Flexibility of gold coins renders the process of gift selection easy and time efficient. Since these are standard items, gift selection does not entail a laborious and time-consuming search. As the only decision that the giver has to make is regarding its size, gold coins are perceived "easy" gift items.

" makes life easier when buying a present, there’s nothing else. When buying a present, instead of thinking if she likes it or not we buy a gold coin, we think she can at least change it to cash and buy whatever she wants." (Ilgim)

Not only coins but also gold jewelry is deemed as a flexible gift item. This characteristic applies especially to those designs that do not contain craftsmanship, which are usually 22 karats of gold. These can be easily converted to cash without any loss of monetary value or exchanged with another piece of gold jewelry later if the receiver is not happy with that particular model. Consequently, the giver does not need to identify what the recipient needs or likes; instead he/she provides her with freedom to decide on the precise nature of the gift.
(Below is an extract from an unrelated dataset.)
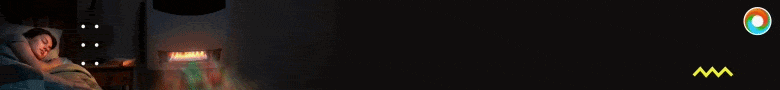 spot_img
"...I buy ray bilezik [22 karat plain bracelet] for a wedding because that is the non-crafted type, then she can sell it for the same price and buy something she wants, if she wants, she can buy earrings" (Aylin)

In Western societies, gifts of money are generally considered as inappropriate and impersonal (Douglas and Isherwood 1979; Webley et al. 1983; Zelizer 1994). Giving money as gift can be interpreted as placing monetary value on the relationship (Cheal 1987). Furthermore, the real value of the gift stems from the effort went into the selection (Belk and Coon 1993) as the amount of care invested in finding the right gift reflects the intensity of the relationship (Joy 2001). Cash type gifts, therefore, are more often presented when the needs and wants of the recipient are not well known (Cheal 1988). However, there are some exceptions to this restriction, such as intergenerational transfers (Waldfogel 1993), wedding gifts in certain cultures (Cheal 1988), and gift giving to catastrophe victims (Sayre and Horne 1996). The Turkish case presents another exception. Gold coins and jewelry are perceived as abstract forms of money. They provide flexibility to the recipient but do not appear artificial as gift certificates. Furthermore, they are not restricted to distant relationships. While they provide practicality to the giver when she needs to present a gift to someone that she does not know intimately, they are also frequently exchanged among family members and close friends among whom the relationship ties are strong. In parallel to Joy’s (2001) observation regarding the preference for functional gift giving practice among family members in Hong Kong, gold items are preferred for their utilitarianism in the Turkish society as well.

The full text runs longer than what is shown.